Here’s a great question for dealing with the future by changing the present moment, “What can you do today that your future self will thank you for?”
A soldier in a war cannot afford to dream of the future while he is battling the enemies in the hear and now. Similarly, a professional sportman need to focus in the here and now of training every day and winning every match that he competes in, with single-minded devotion to his daily tasks and processes.
We build our capacity, capability and confidence by winning the endless present battles, day by day, not by worrying about what hasn’t happen.
“What about planning for the future then?” I hear your thoughts. Let me use a famous quote here:
“In preparing for battle I have always found that plans are useless, but planning is indispensable.” ~ Dwight D. Eisenhower.
The distinction is important, because as much as you can draw up plans, they become obsolete as soon as the battles begin. Things change dynamically at every corner and moment. But your readiness, anticipation and ability to adapt at every turn will prove the difference between whether you survive or perish. Life is a contact sport. Life is not a straight line.
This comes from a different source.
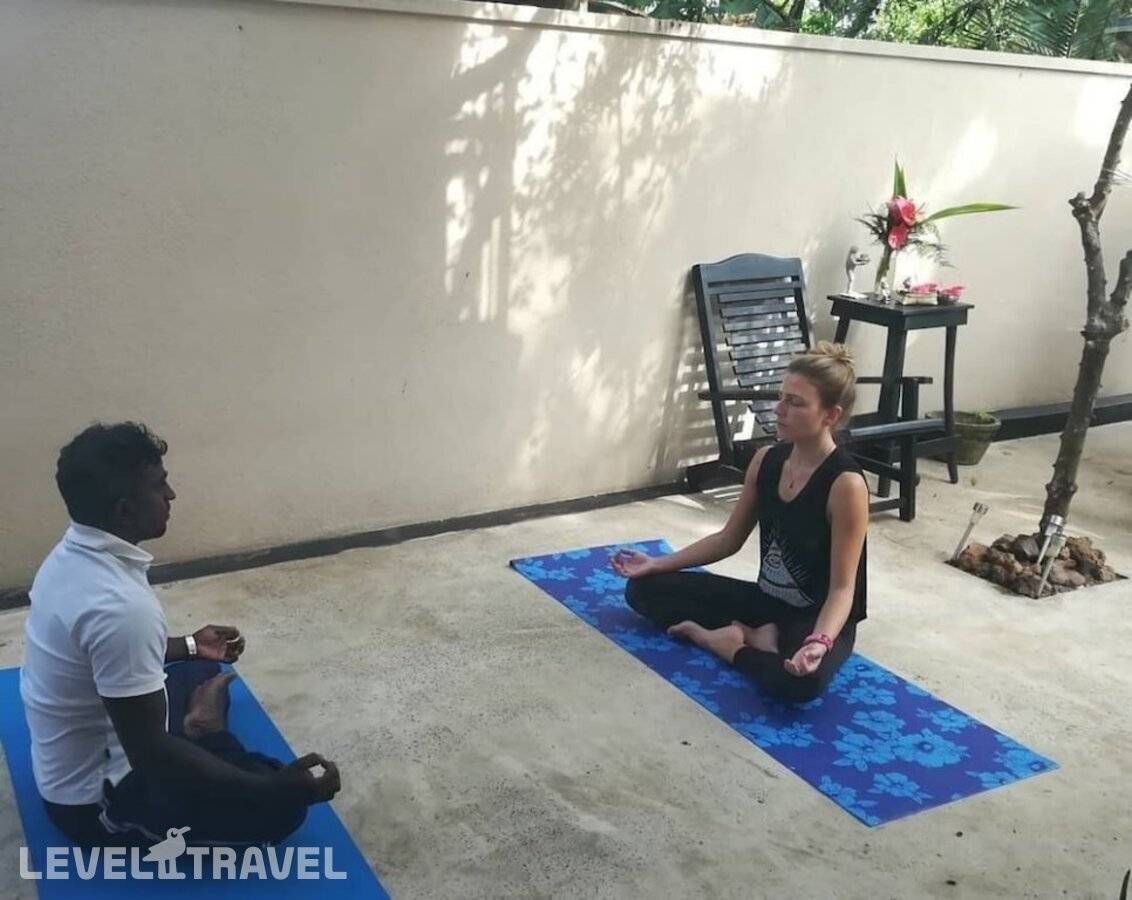 фотографии отеля BoBo's Bed & Breakfast в Шри-Ланка(Ахунгала) - фото №16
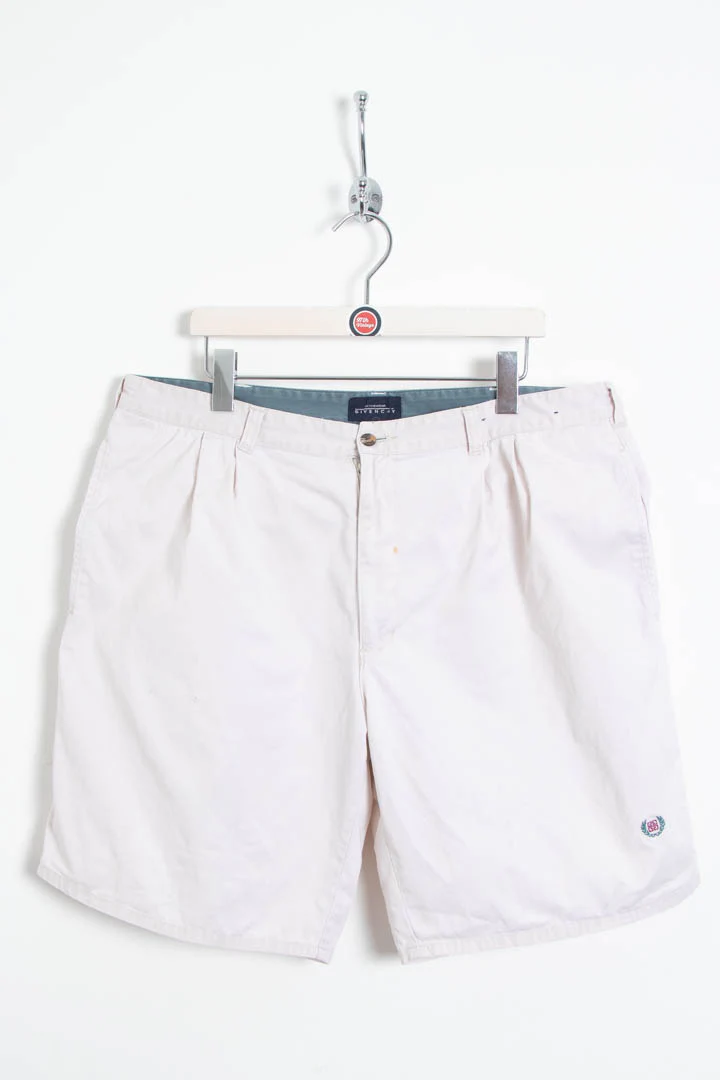 Givenchy Chino Shorts (W40)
I’ve read that the most effective and successful leaders are able to sustain a sharp, localized focus in the present moment and at the same time, could manage a broad visionary context of the future. They are relentless in running the daily processes while at the same time, keeping the end goal clearly in mind.
Effective people can bridge these two realities (present reality and future goals) as they navigate through change. Admittedly, doing so can be a real challenge in the face of dynamic and dramatic challenges that change can bring.
Trust Our Resiliency
There are times even our highest purpose and values aren’t enough to carry us through change. At times like these when things are changing so rapidly, all we can do is trust.
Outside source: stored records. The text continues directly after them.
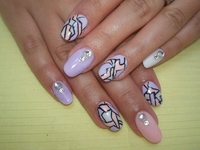 NAIL.スカルプ 2013/02/09 21:40:49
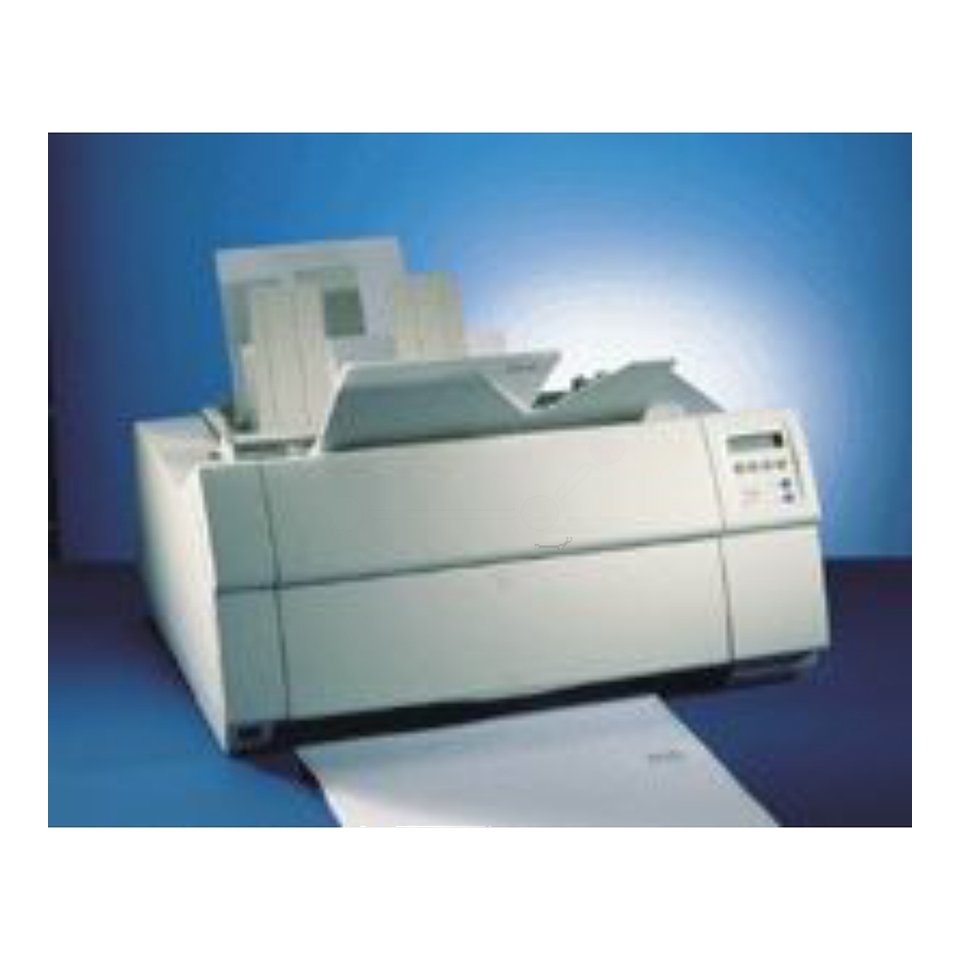 Tally Genicom T2170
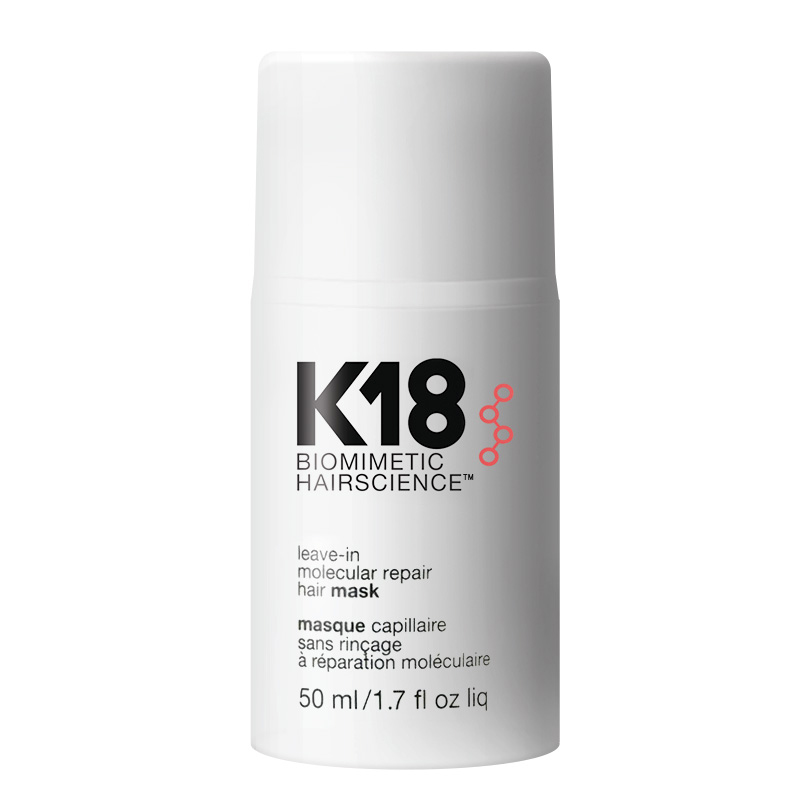 NOWA K18 50ML Maska do włosów  – Hair Care K18 recenzja i cena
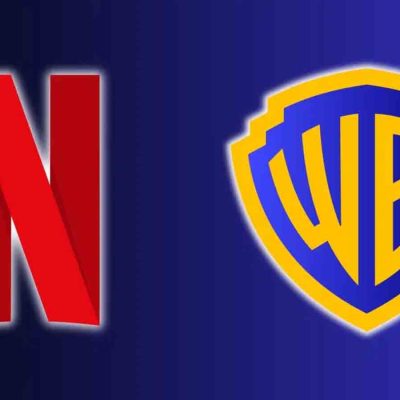 Netflix compra Warner Bros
Life is many times like driving through the fog at night. You can only see as far as where your headlights allow you to see. All you can do is trust your headlights throughout the whole trip, and you will eventually arrive at your desired destination.
“Man never made any material as resilient as the human spirit.” ~ Ben Williams
The human species have been known to be adaptable and resilient through the ages. Darwin said that it’s adaptability, not strength, that’s the most important trait for survival.
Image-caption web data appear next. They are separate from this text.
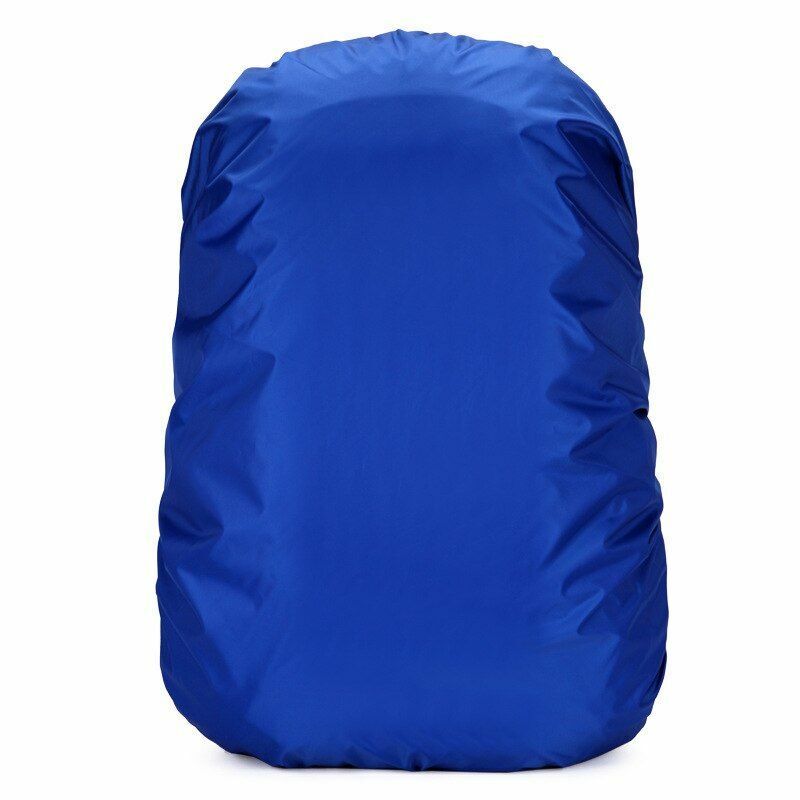 90/95/100L Backpack Rain Cover Camo Waterproof Hunting Traveling Dustproof Nylon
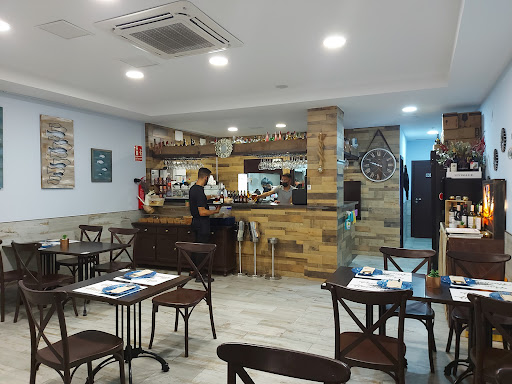Pura Huelva - Restaurante en Huelva en Huelva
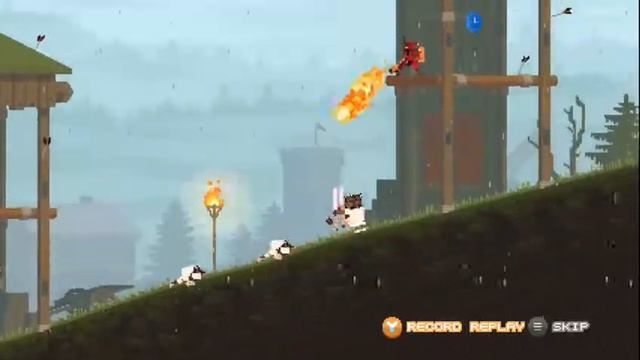 Super T.I.M.E Force - I Challenge You To A Duel Guide смотреть онлайн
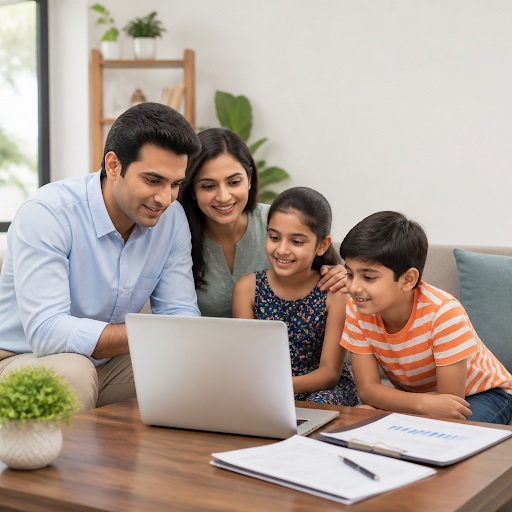 Choosing the right health insurance for your family can feel confusing, but the right guidance ma… post image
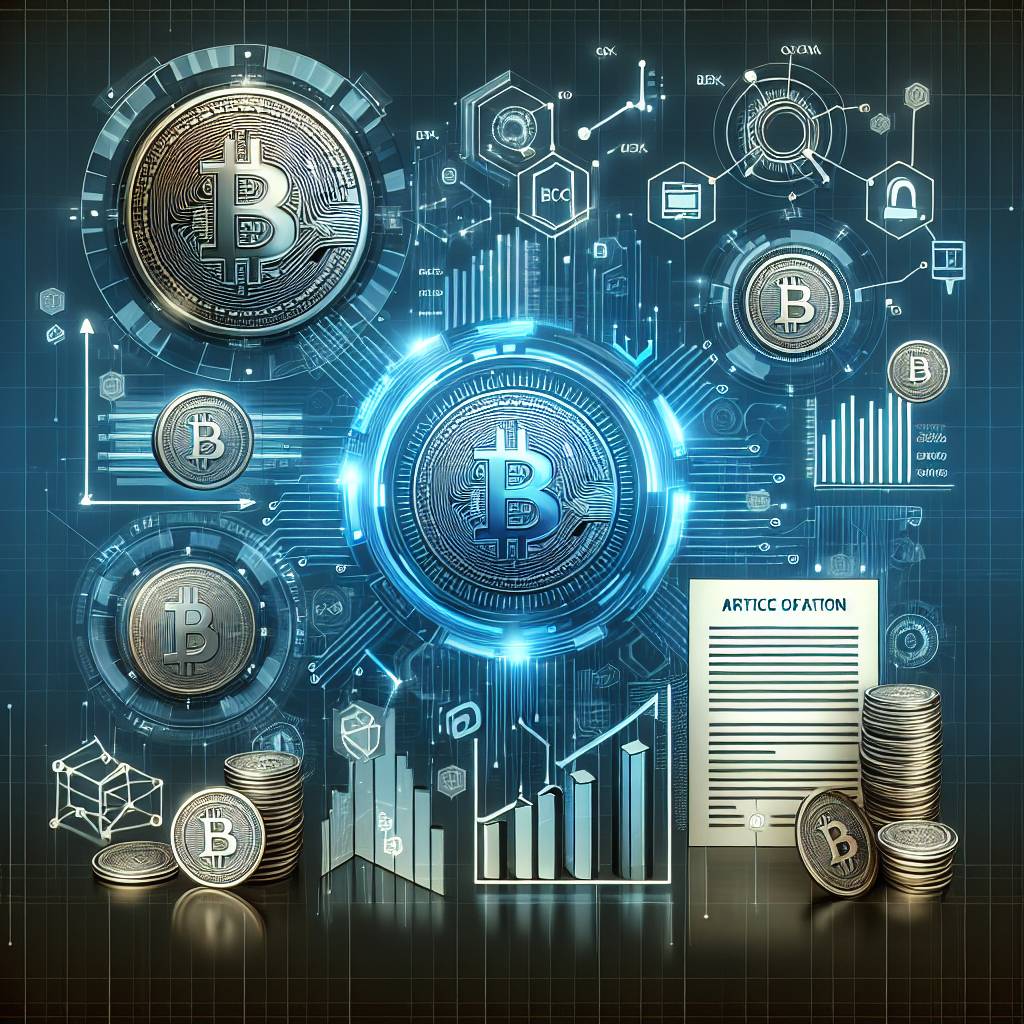 What is the role of cash in the world of cryptocurrencies?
Researchers have documented that we have this innate “self-righting tendency” that exists inside of everyone. We are resilient by default, and are hard-wired to bounce back from adversities. We are built with “internal buffers” to withstand life traumas and stress. And we can build upon them by enlisting support from other individuals and organizations. We are resilient as individuals and we are even more resilient together as organizations.
How many times have you turn out alright in the end, when you initially thought you aren’t going to be okay when facing something “bad” or uncertain change? We are more resilient than we give ourselves credit for!
1) Do your mind live more in the present, in the past or in the future?
2) What can you do today that your future self will thank you for?
3) Knowing that you are innately resilient and trusting that you are going to be okay no matter what, what big steps will you take toward your desired future?